We call our taxi driver friend and ask him if he’ll take us to another of Ethiopia’s UNESCO World Heritage sites, Tiya.

 

“Of course my friends!  I’ll be at your hotel in ten minutes!”

Next thing we know, our little taxi is racing through Addis and out into the Ethiopian countryside on a two hour journey to our destination. I sit back and try to process all I’ve experienced thus far as we drive through the beautiful country.

The landscape is endless fields and farms over slow rolling hills. Acacia trees rise like Gothic warriors from a century long gone. Our taxi driver tells us that most of Ethiopia’s economy is based on agriculture, and almost all the fields we see are plowed and harvested just as they have been since the beginning of time, by hand.

As we get close to the town that we think is by Tiya, our driver tells us he isn’t sure where to go and he must stop and ask for directions. It is late afternoon, and only a couple of people are on the road. Luckily, a man sees us pull off to the side of the road, and approaches.

Amazingly, the man is the gatekeeper of Tiya. He just closed up, but has no problem opening the gate back up for us to see the site. I marvel at the luck we have had while here. The man climbs in the taxi with us, and directs us up a small dirt road. Little naked children run alongside our taxi, smiling brightly.

“This seems like a strange location for a UNESO World Heritage site”

There is no grand parking lot, nor shops set up to entice foreigners. Only a single gate that leads to a field. As we pass the gate, the ancient stones are visible.
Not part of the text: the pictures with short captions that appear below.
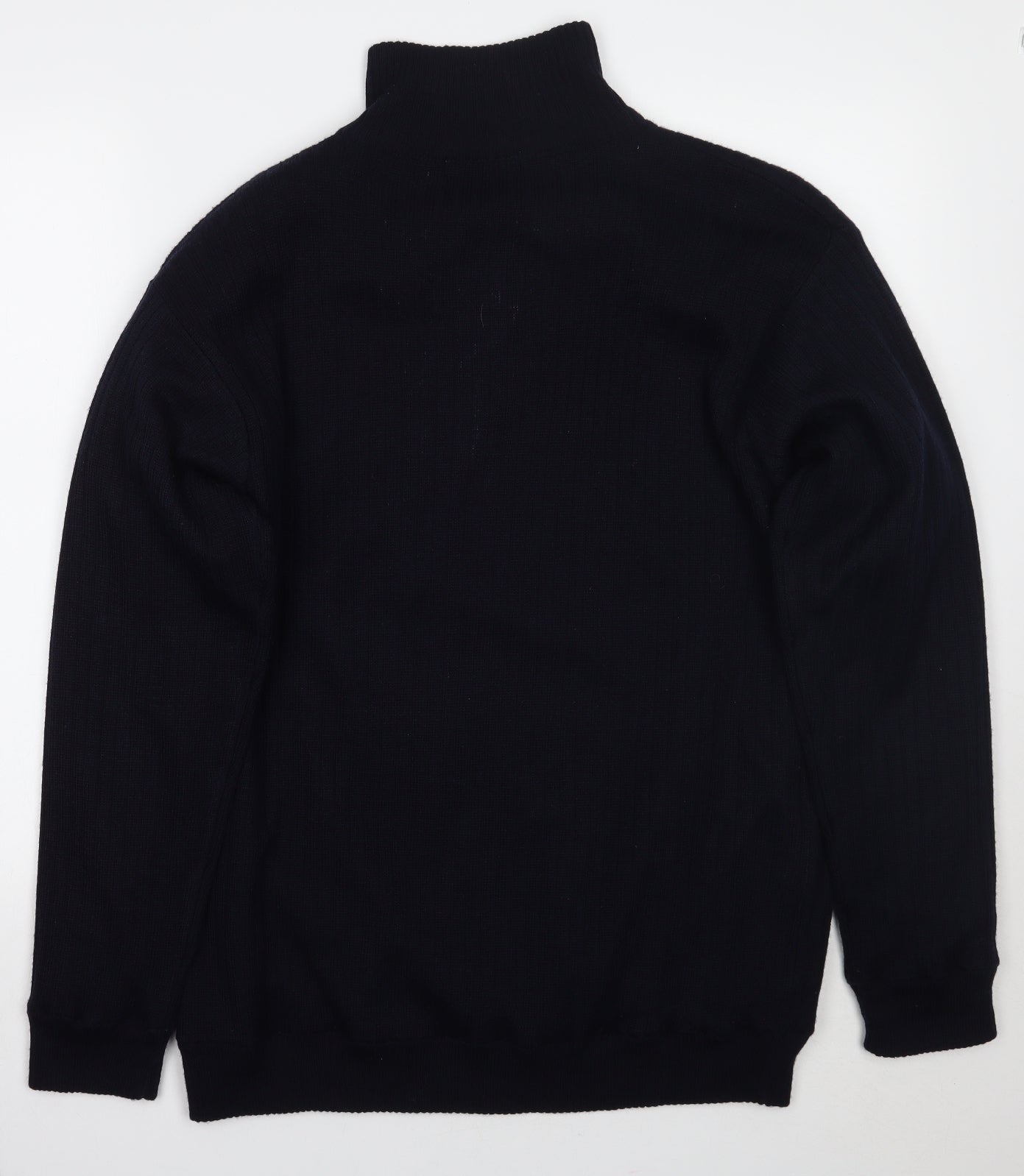 Crane  Mens Blue   Pullover Jumper Size L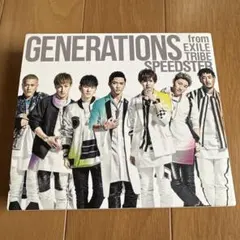 GENERATIONS SPEEDSTER CD+Blu-ray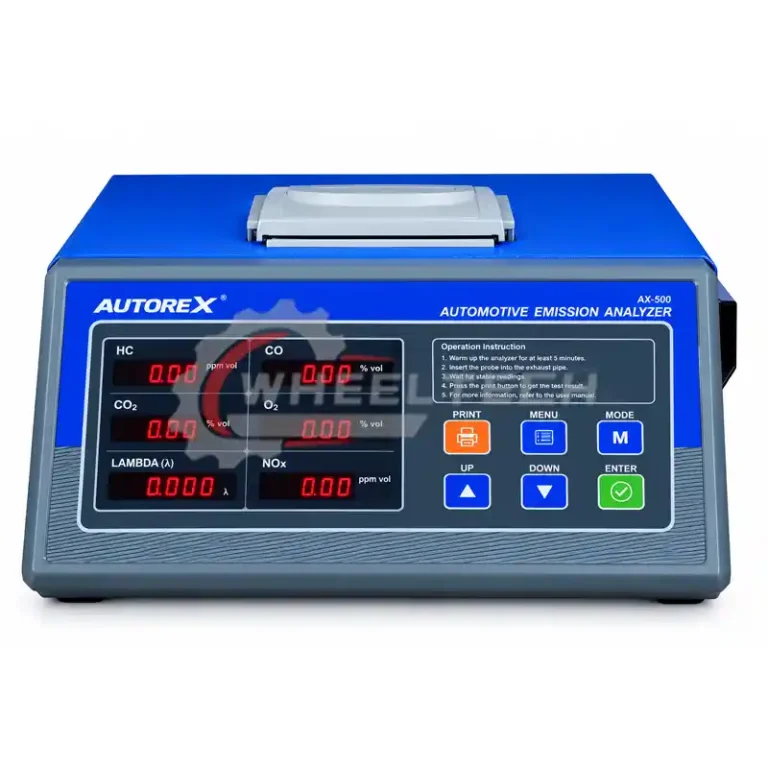 دستگاه تست دود لانچ مدل SLD-501 Turbo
The site contains 36 monuments, including 32 carved stelae covered with symbols, most of which are difficult to decipher. They are the remains of an ancient Ethiopian culture whose age has not yet been precisely determined. It is small, but to me that is what makes it special. As an approaching rainstorm threatens, I wonder about the significance of Tiya…
Burial Ground?
Place of Worship?
Sacred meeting place for important leaders?
Sacrificial altar?

*****

We were only there for maybe half an hour, then headed back again for the long drive back to the city of Addis Ababa. I roll down the window and capture my surroundings and the simple wonder that was my journey to Tiya.